***** ENTRIES PROVIDED

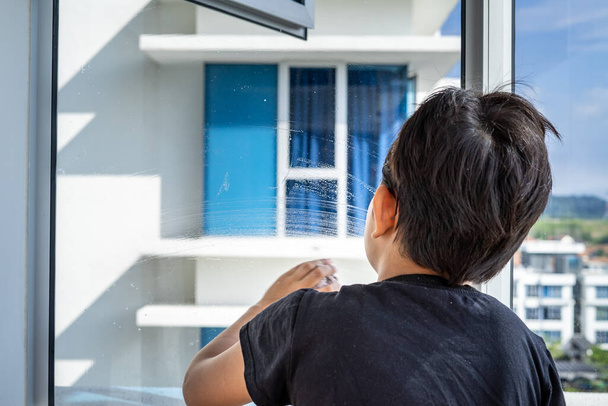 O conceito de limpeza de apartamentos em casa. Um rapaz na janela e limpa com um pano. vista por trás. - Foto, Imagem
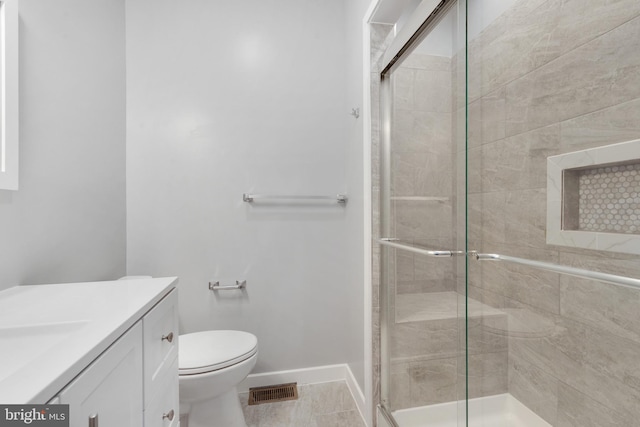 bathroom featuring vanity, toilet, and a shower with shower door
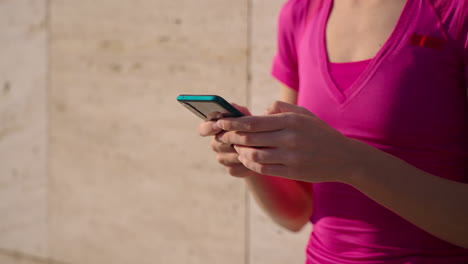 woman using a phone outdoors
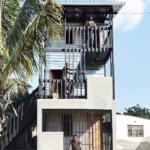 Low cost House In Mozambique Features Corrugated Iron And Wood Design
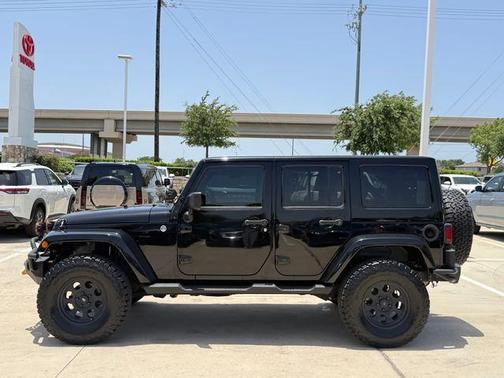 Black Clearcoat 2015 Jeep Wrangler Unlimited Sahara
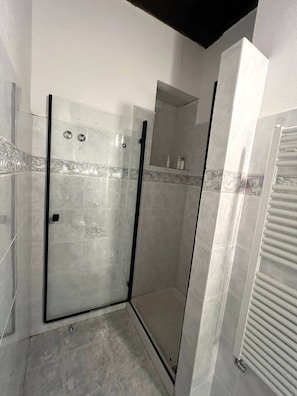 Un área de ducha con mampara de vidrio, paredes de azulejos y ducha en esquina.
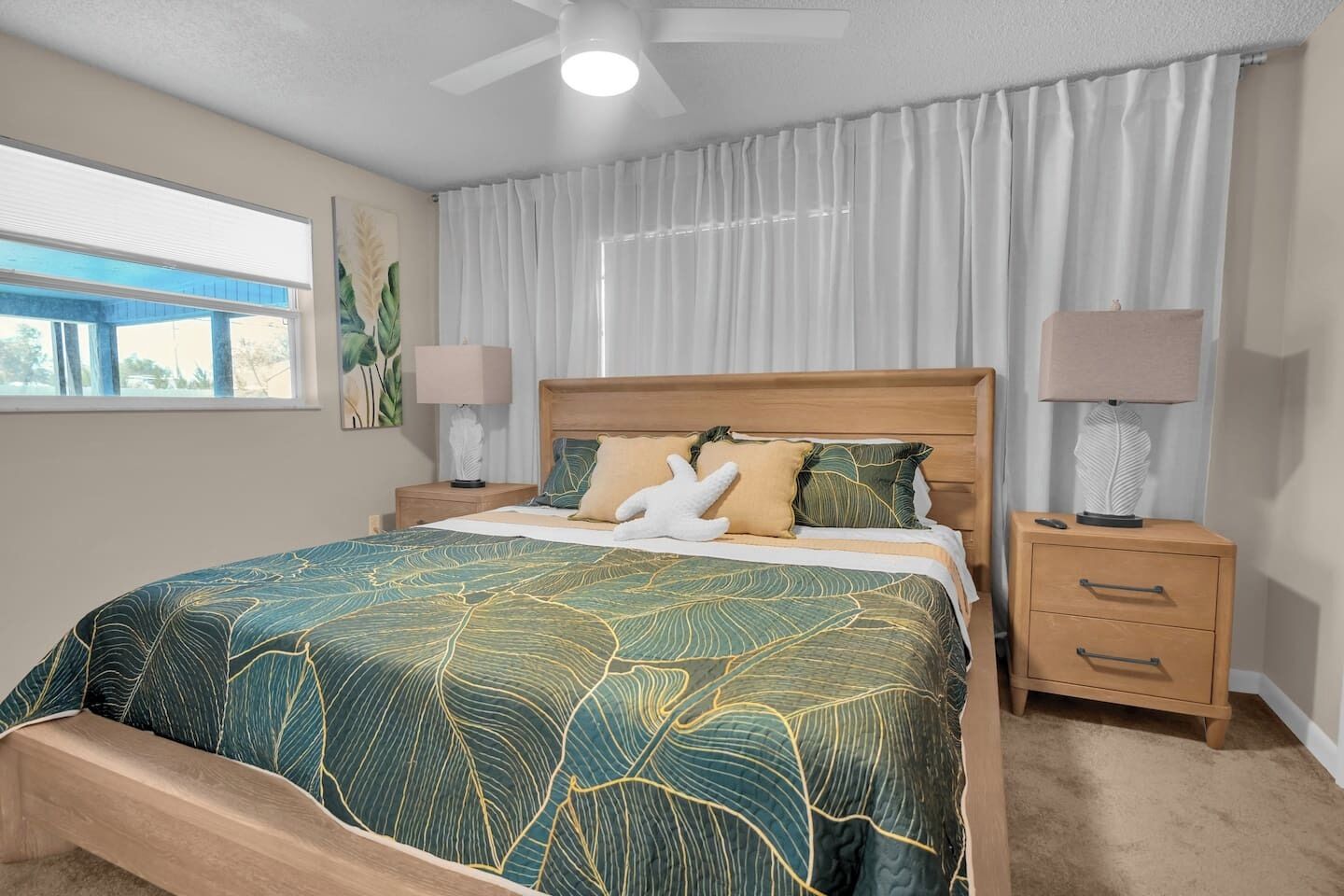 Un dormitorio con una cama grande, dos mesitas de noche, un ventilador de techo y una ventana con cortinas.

**********
***** ENTRIES PROVIDED

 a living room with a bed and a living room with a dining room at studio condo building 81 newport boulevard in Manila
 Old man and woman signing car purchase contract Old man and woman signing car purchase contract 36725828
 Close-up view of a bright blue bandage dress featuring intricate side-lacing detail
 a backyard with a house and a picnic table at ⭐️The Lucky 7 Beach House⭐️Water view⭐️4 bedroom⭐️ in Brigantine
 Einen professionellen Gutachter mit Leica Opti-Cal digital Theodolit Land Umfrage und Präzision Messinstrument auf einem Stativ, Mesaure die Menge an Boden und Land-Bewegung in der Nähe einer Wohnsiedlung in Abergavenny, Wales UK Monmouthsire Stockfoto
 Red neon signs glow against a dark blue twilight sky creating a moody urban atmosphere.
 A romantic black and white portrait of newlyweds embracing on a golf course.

**********
***** ENTRIES PROVIDED

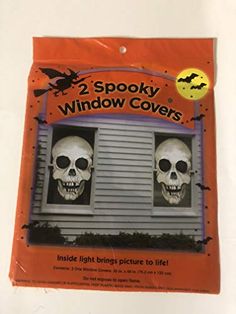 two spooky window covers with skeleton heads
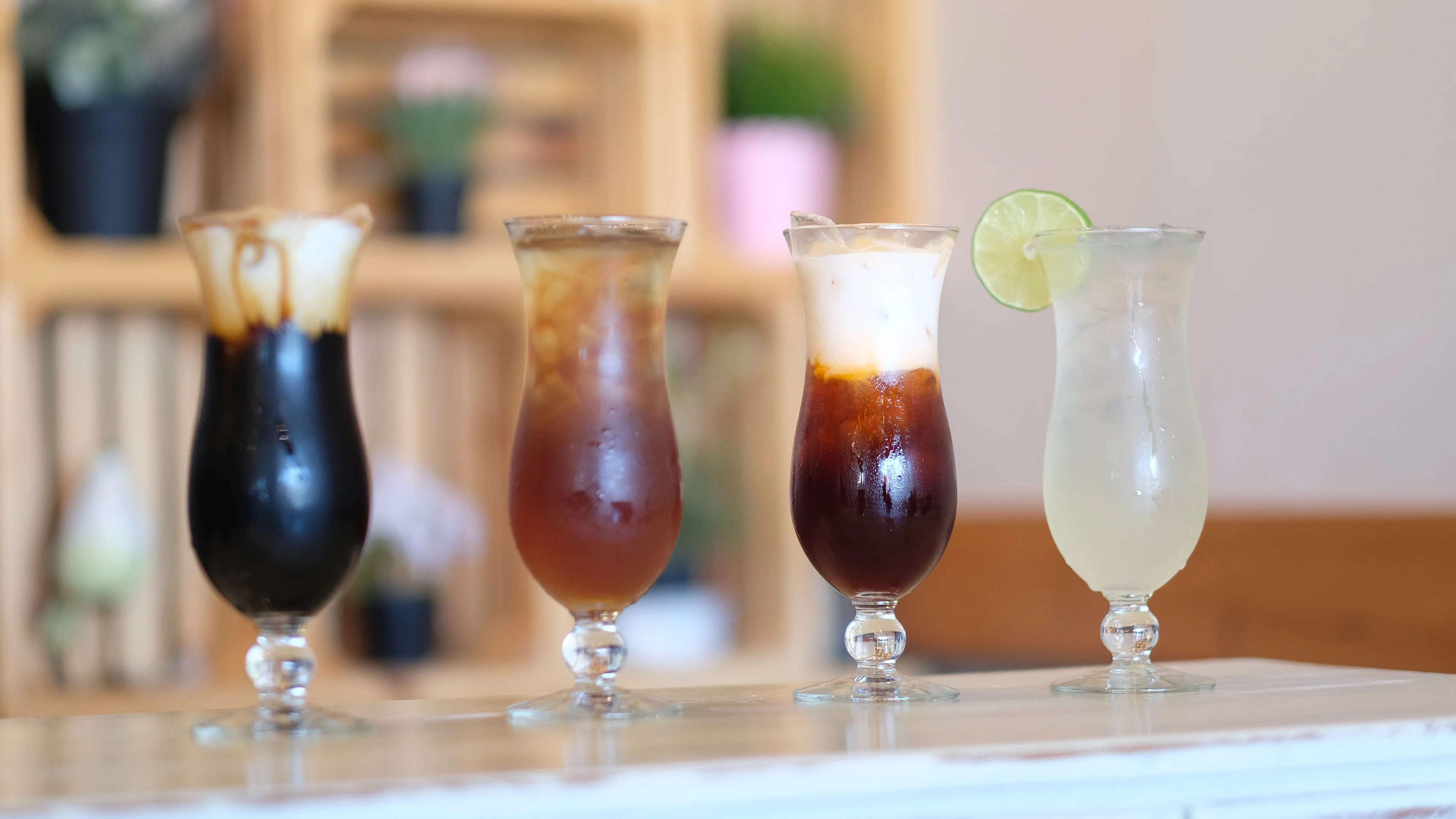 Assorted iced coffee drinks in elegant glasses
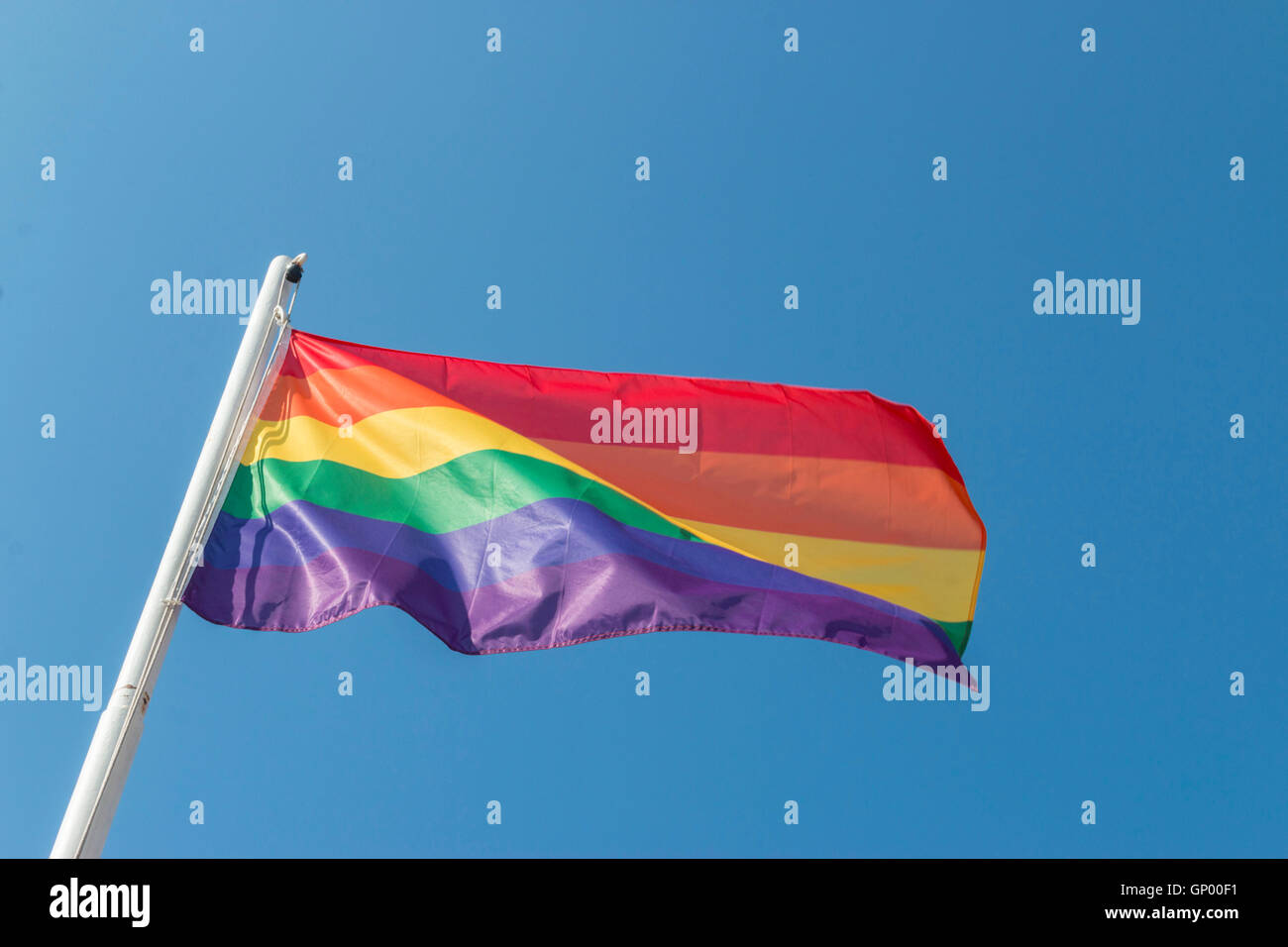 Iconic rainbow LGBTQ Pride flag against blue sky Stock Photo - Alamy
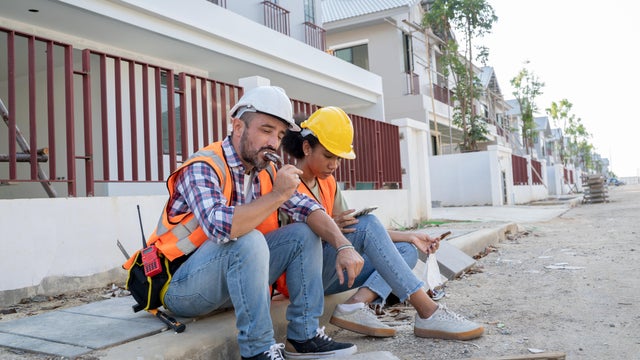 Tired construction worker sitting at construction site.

**********

Using the entries above, transcribe every line from the line containing "O conceito de" through the line containing "Un área de ducha". Do not copy pictures.

 O conceito de limpeza de apartamentos em casa. Um rapaz na janela e limpa com um pano. vista por trás. - Foto, Imagem
 bathroom featuring vanity, toilet, and a shower with shower door
 woman using a phone outdoors
 Low cost House In Mozambique Features Corrugated Iron And Wood Design
 Black Clearcoat 2015 Jeep Wrangler Unlimited Sahara
 Un área de ducha con mampara de vidrio, paredes de azulejos y ducha en esquina.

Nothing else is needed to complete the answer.